Excepto num sentido: na força visual. O sentido de composição, o rigor dos enquadramentos, a austeridade da mise en scène, tudo isto está cada vez mais depurado em Costa (inefável fotografia de Leonardo Simões), fazendo do seu cinema uma experiência cada vez mais visualmente arrebatadora nos seus jogos pictóricos de luz e sombra, na sua noite escuríssima onde mortos e vivos parecem coexistir, na imponência vertical dos edifícios desgastados onde os seus heróis habitam, na habilidade em fazer da textura dos rostos, das mãos, das roupas e dos cabelos das personagens matéria-prima para um épico magoado de enorme intimidade, e nessa inacreditável capacidade de filmar os olhos… os olhos sofredores dos renegados de Costa que cada vez mais brotam resistência com a mesma intensidade com que a lava sai de um vulcão.

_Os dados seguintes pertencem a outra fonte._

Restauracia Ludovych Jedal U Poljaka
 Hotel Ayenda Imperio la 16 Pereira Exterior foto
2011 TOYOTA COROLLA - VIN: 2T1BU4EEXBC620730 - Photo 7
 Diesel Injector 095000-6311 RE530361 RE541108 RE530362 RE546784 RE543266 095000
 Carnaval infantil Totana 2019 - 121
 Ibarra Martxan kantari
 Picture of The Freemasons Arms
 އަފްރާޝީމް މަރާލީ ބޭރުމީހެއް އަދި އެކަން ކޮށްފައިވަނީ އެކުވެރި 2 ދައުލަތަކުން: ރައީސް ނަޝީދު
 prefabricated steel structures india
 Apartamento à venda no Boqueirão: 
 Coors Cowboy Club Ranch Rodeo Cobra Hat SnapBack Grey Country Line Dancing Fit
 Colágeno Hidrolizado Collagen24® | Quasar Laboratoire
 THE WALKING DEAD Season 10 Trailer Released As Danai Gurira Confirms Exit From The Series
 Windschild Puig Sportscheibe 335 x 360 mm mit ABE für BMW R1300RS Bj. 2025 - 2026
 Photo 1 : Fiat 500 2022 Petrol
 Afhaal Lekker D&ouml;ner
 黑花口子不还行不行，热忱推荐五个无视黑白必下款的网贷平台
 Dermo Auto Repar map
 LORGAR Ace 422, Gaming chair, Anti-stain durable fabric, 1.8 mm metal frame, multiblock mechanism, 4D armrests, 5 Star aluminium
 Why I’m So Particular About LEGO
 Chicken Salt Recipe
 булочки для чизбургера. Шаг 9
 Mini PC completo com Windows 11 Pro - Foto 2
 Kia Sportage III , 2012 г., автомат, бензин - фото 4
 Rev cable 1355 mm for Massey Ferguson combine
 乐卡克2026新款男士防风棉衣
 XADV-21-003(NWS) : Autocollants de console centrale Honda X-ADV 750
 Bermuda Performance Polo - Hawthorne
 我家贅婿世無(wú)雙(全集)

Bastaria isto tudo para referir o inevitável, de que se poderá falar de Vitalina Varela como o filme de Costa mais esperançoso. Mas queremos fazer um último acrescento, o facto de, depois de tanto tempo dentro da casa da protagonista a cair aos poucos, vermos uma outra naquela pequena coda, filmada em Cabo Verde, a ser construída. Talvez seja a recordação de um passado saudoso ou a imagem de um sonho ainda não destruído. Seja o que for, se não for ele, acreditamos que fosse algo tão belo e sereno como esse cenário o que estava escrito na carta que ressuscitou o sorriso jazido de Vitalina.